━━ DATA FOR THIS EXERCISE ━━

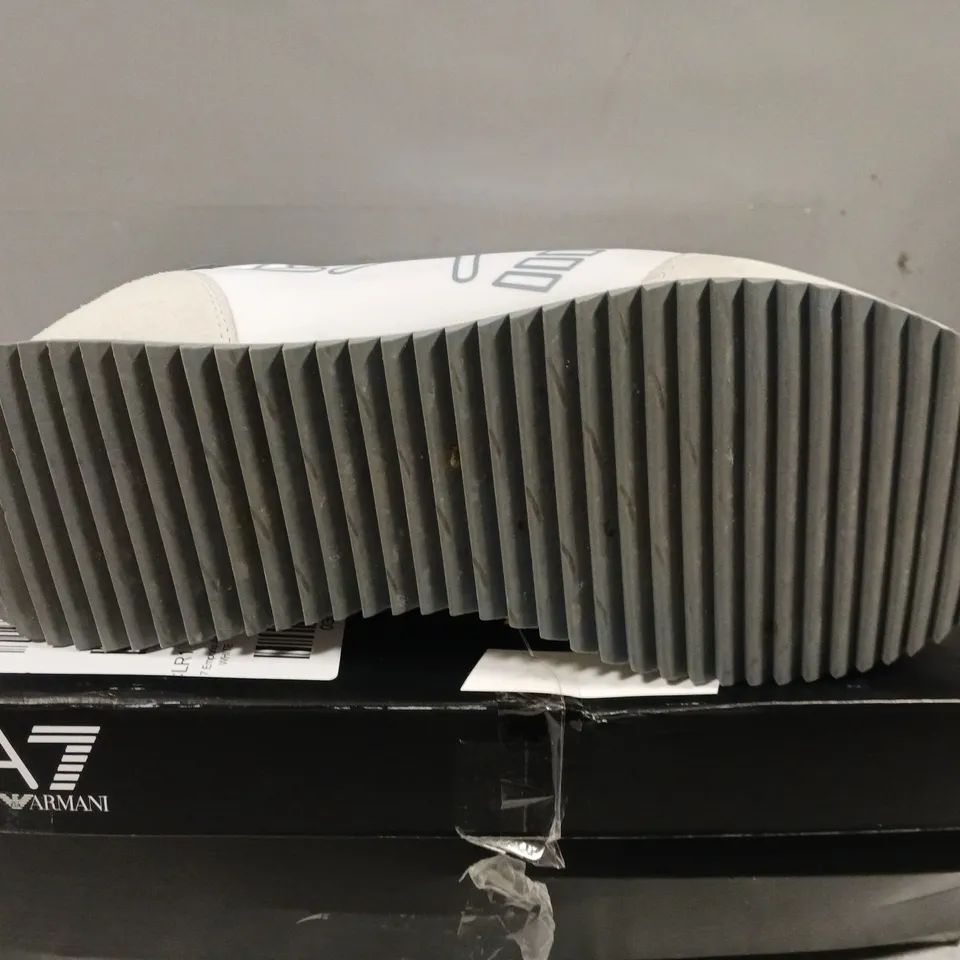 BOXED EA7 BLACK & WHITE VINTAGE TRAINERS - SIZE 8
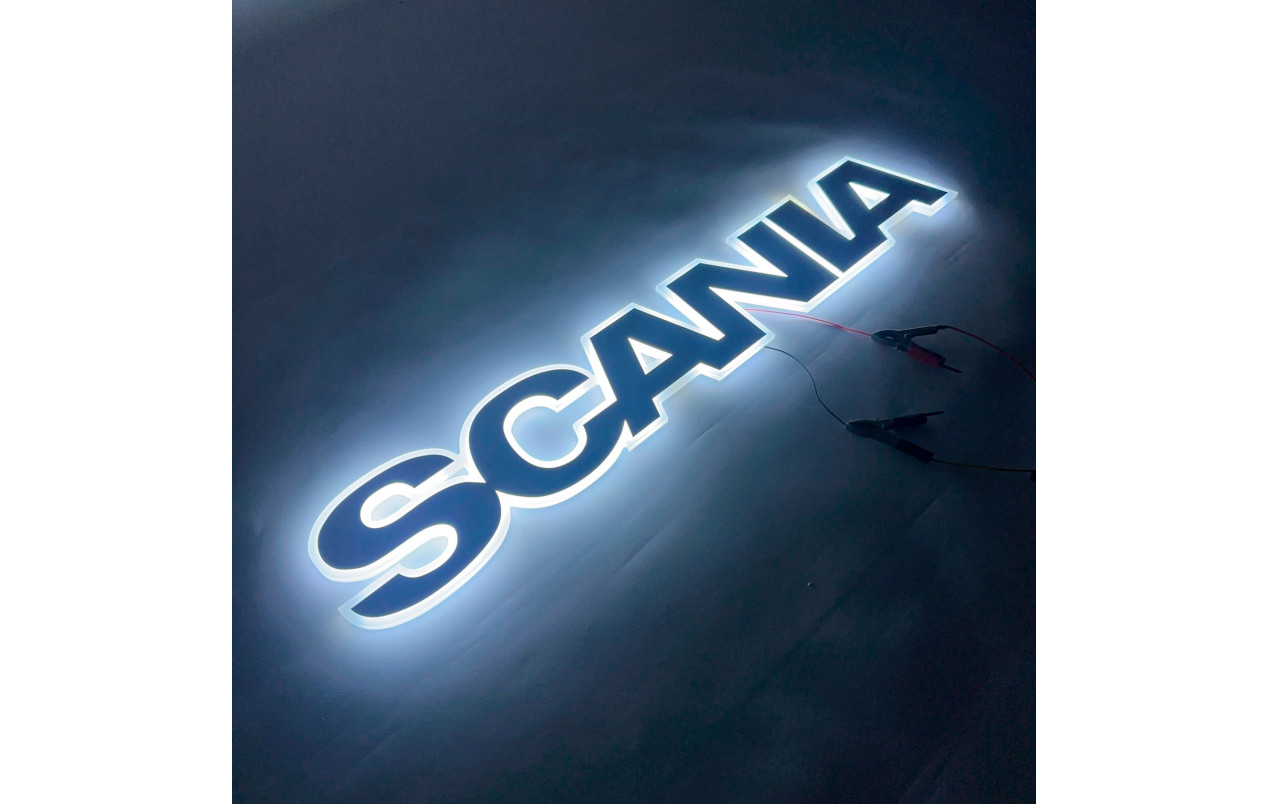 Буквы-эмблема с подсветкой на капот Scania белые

━━━
━━ DATA FOR THIS EXERCISE ━━

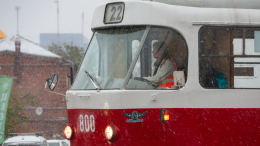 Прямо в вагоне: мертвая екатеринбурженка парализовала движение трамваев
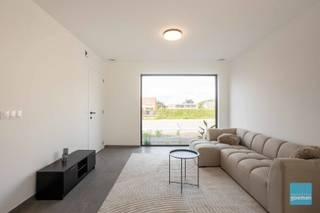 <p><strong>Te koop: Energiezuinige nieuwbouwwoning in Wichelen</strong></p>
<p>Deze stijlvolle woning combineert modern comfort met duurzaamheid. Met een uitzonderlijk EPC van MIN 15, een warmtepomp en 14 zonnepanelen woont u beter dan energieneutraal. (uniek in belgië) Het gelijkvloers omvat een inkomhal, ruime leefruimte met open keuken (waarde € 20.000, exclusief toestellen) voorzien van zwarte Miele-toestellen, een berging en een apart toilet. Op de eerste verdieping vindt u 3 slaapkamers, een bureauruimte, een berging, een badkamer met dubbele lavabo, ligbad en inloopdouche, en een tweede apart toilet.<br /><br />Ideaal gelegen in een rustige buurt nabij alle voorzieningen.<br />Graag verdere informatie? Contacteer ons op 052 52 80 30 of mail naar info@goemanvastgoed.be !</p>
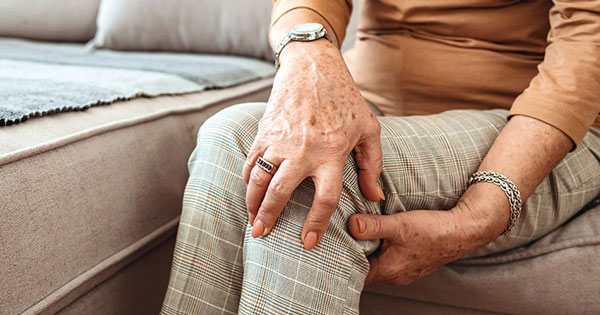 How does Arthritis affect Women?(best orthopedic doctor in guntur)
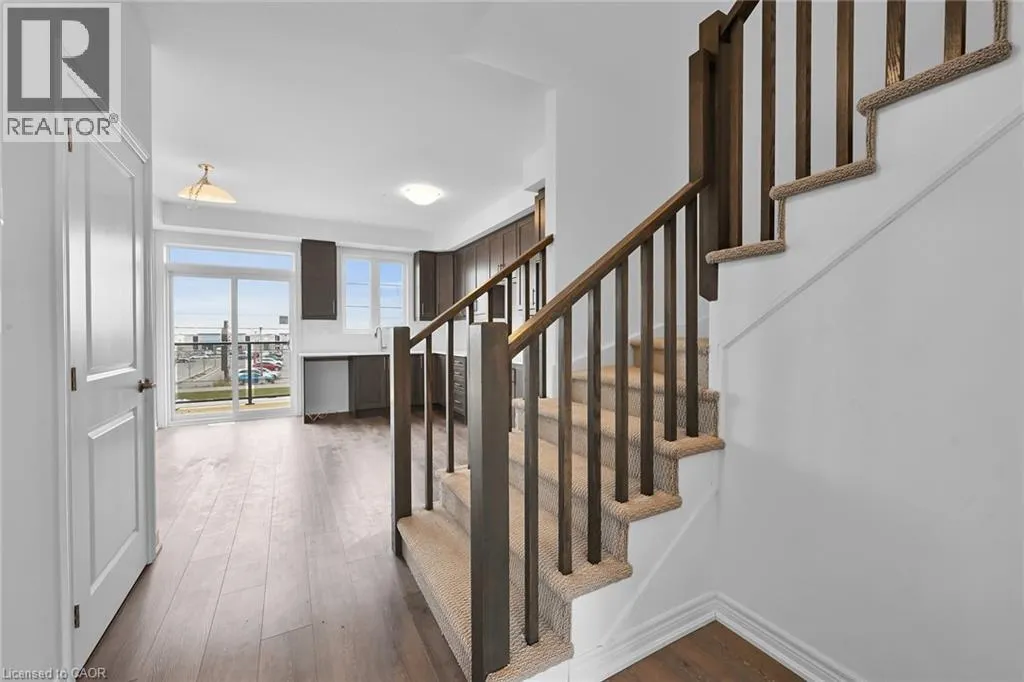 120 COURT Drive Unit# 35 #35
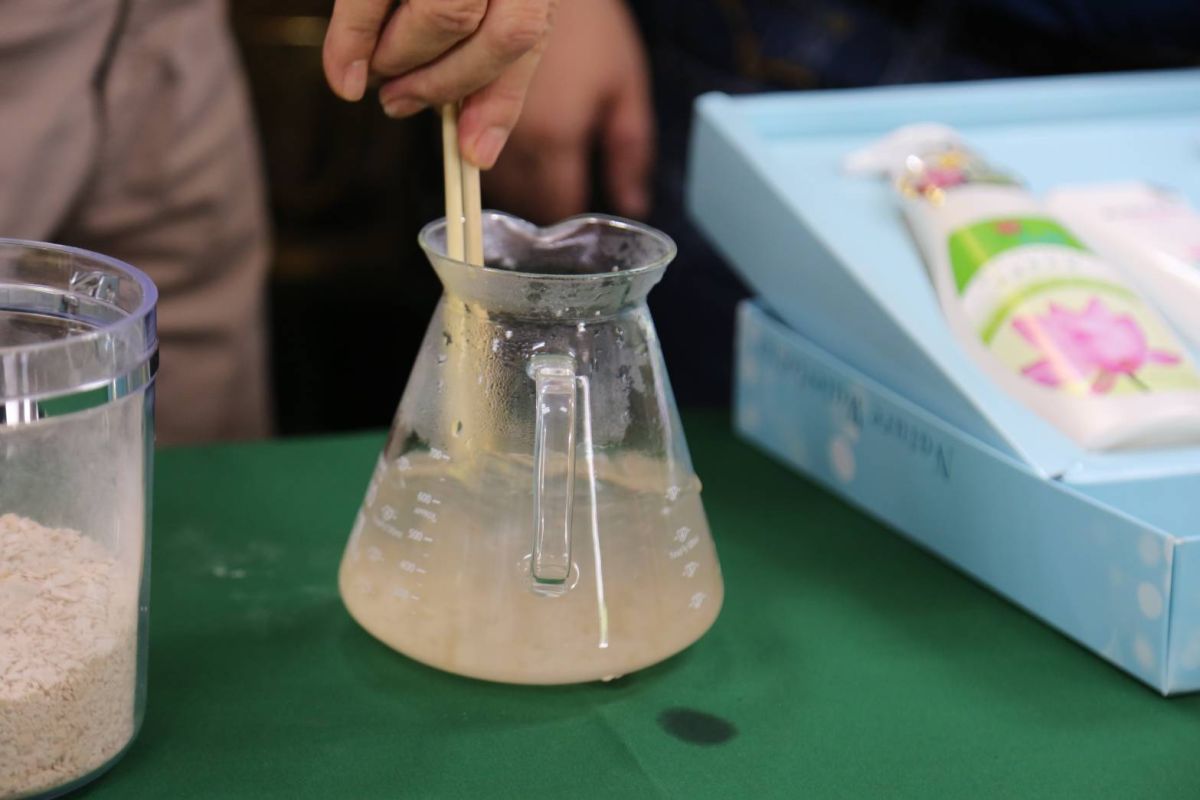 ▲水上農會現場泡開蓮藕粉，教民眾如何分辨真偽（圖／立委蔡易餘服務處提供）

━━━

— WORK ITEM —
Exact repeat of the material above: every line from the one with "BOXED EA7 BLACK" through the one with "Буквы-эмблема с подсветкой", endpoints included, and nothing more. No pictures.

— TASK SOLUTION —
 BOXED EA7 BLACK & WHITE VINTAGE TRAINERS - SIZE 8
 Буквы-эмблема с подсветкой на капот Scania белые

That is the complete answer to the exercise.